Sen. Marshall: Expand Trump Assassination Attempt Probe

(AP)

Sen. Roger Marshall, R-Kan., has requested that the Department of Homeland Security’s Office of the Inspector General expand its investigation of the assassination attempt on former President Donald Trump during a July 13 rally in Butler, Pennsylvania.

The IG’s office had been investigating several aspects of the assassination attempt made by Thomas Matthew Crooks, 20, who shot Trump in the right ear, killed a spectator and seriously injured two others before he was shot and killed by a Secret Service sniper.

Marshall recently wrote a letter to Joseph Cuffari asking that his office broaden its investigation to include allegations that requests from the Trump campaign for additional assets were denied by the Secret Service, how the agency assigns duties and responsibilities for protective details, and agency attrition within the past four years, the Washington Examiner reported Monday.

“USSS protection procedures are not transparent to the American people, even following two recent Congressional hearings during which my colleagues and I posed probing questions to the USSS Director and Acting Director, only to receive unsatisfactory nonanswers,” Marshall wrote, according to the Examiner.

The IG’s office had been investigating the Secret Service’s process for securing the campaign event, the preparedness of the counter-sniper team to respond to such threats, and whether the planning and implementation were adequate enough to ensure the safety and security of designated protectees, the Examiner reported. It is unknown whether the office had been examining the aspects contained in Marshall’s letter.

At least five Secret Service agents were put on administrative leave last month, including the head of the Pittsburgh field office that worked security for the Pennsylvania rally with local police, three others from the same office, and a member of Trump’s detail. The incident led to the resignation of Secret Service Director Kimberly Cheatle.

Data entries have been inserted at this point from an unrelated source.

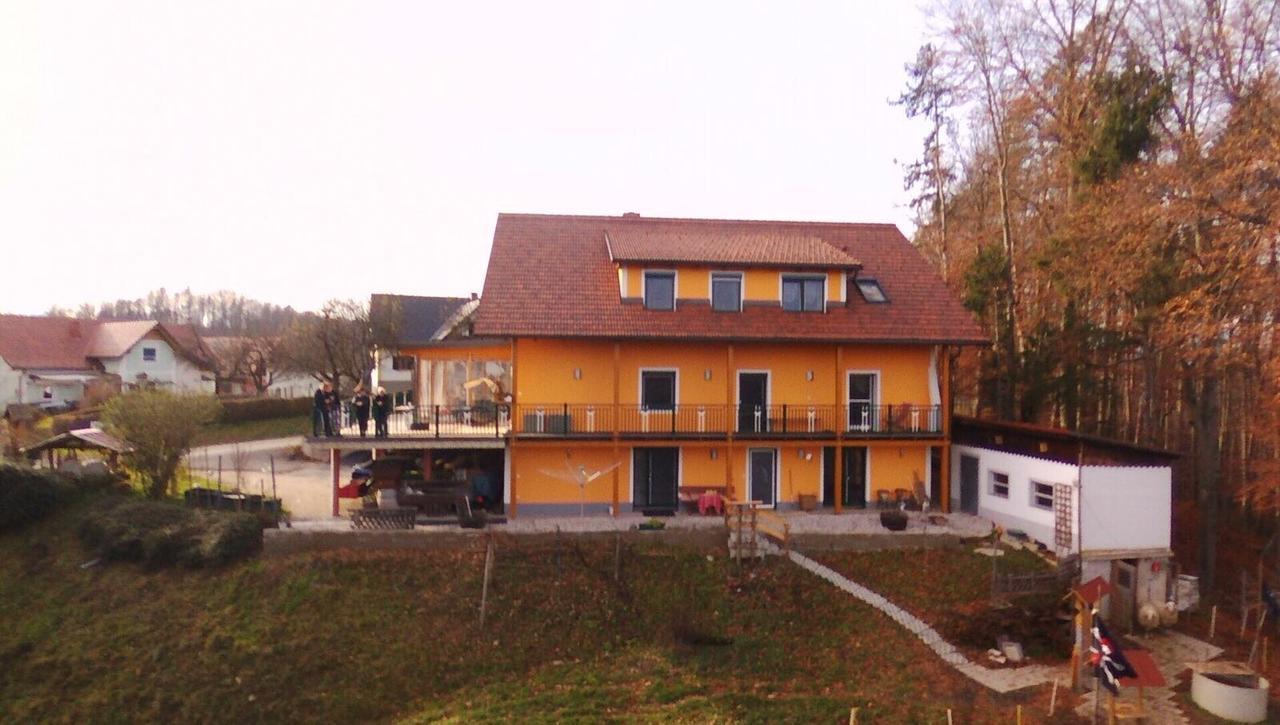 Gaestehaus Schmid Sankt Johann im Saggautal Экстерьер фото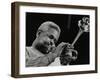 Dizzy Gillespie Performing with the Royal Philharmonic Orchestra, Royal Festival Hall, London, 1985-Denis Williams-Framed Photographic Print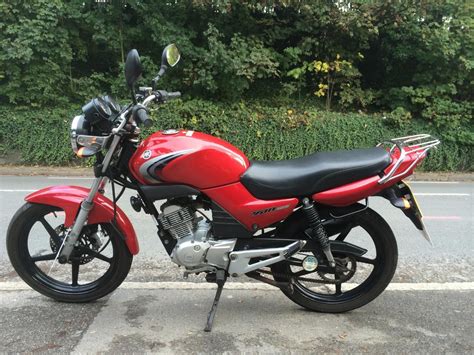 2008 08 Yamaha YBR 125 125cc Naked Red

“Nearly two months after an assassination attempt that left President Trump within centimeters of his life, there are still no answers or accountability for the Secret Service’s failures that day,” Marshall, who sits on the Senate Homeland Security Committee, said in a statement to the Examiner. “Instead, they have stonewalled our inquiries, and to our knowledge, no one has been fired for top-down mistakes made. This is unacceptable from an agency once respected as one of the nation’s top law enforcement bureaus — they’ve lost the public’s trust.”

Newsmax reached out to the IG’s office for comment.